L’espion qui merdait

Des années qu’on attendait ça… La voilà enfin, la comédie française à gros budget pas balourde ni affligeante, l’équivalent cinématographique des pastiches cathodiques des Nuls… (lire la suite)

Des années qu’on attendait ça… La voilà enfin, la comédie française à gros budget pas balourde ni affligeante, l’équivalent cinématographique des pastiches cathodiques des Nuls, le pendant hexagonal des parodies américaines (la série des Y a-t-il… ?). Dès le générique, qui rappelle les riches heures du graphisme 60’s, OSS 117 affiche ses ambitions.

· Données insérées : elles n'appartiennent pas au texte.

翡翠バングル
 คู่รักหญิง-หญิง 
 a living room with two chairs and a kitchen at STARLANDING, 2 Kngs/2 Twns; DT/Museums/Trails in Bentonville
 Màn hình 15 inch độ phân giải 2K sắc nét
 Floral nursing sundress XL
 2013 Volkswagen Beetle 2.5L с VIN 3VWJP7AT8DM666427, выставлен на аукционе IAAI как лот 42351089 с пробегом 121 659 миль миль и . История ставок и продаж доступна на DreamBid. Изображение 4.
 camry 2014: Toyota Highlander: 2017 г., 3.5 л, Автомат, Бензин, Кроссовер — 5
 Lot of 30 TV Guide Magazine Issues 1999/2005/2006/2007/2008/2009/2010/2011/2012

Ambitions humoristiques d’une part : Jean-François Halin (ex des Guignols) s’approprie habilement les codes des séries B d’époque (méchants d’opérette, héros constamment pris en filature, gentil contremaître…) pour livrer un scénario totalement actuel dans ses ressorts comiques (répétition et absurde des situations, personnages caricaturaux, flash-back grotesques…).
Ambitions formelles aussi (c’est plus rare) : ne se contentant pas d’enchaîner platement les gags hilarants de son comparse, le réalisateur Michel Hazanavicius (Le grand détournement) crée tout un univers en Technicolor (décors kitsch pour exotisme de pacotille, trucages visibles, cadrages et éclairages sophistiqués) qui sied parfaitement à son sujet rétro. Ambitions de casting enfin : si Jean Dujardin est la vedette incontestée du film, il ne le doit pas (uniquement) à son actuelle réussite. Il est fait pour cet emploi : comme un poisson dans l’eau, il navigue entre les seconds rôles (dont le jeu outrancier est à l’avenant) avec une aisance remarquable, jouant de son physique de beau gosse autant que de ses mimiques imparables. Là où le film fait mouche, c’est surtout dans la recréation même du personnage d’Hubert Bonisseur de la Bath, alias OSS 117. A mi-chemin entre Sean Connery/James Bond (pour le physique) et Peter Sellers/l’inspecteur Clouseau (pour la crétinerie), l’espion star de la IVe République a beau être « de la Bath », il ne se révèle pas plus ok que in : ignare, machiste, raciste, fanfaron, notre homme symbolise ici la France coloniale, pétrie de certitudes et de condescendance. Chargé de « sécuriser le Proche-Orient » (sic), OSS 117 va se révéler une véritable plaie pour les Egyptiens, un touriste ringard qui croit bon d’offrir des photos de René Coty en guise de pourboires ou de faire taire le muezzin manu militari parce qu’il l’a empêché de dormir. Bref, un héros aussi pathétique qu’irrésistible et dont les auteurs, qui n’auront certainement pas l’heur de séduire dix millions de téléspectateurs (trop ciblé 25-45), s’érigent ici en sauveurs de la comédie made in France, genre désespérément dévolu depuis quelques années à des beaufs bronzés ou incontrôlables pas drôles pour un ancien franc.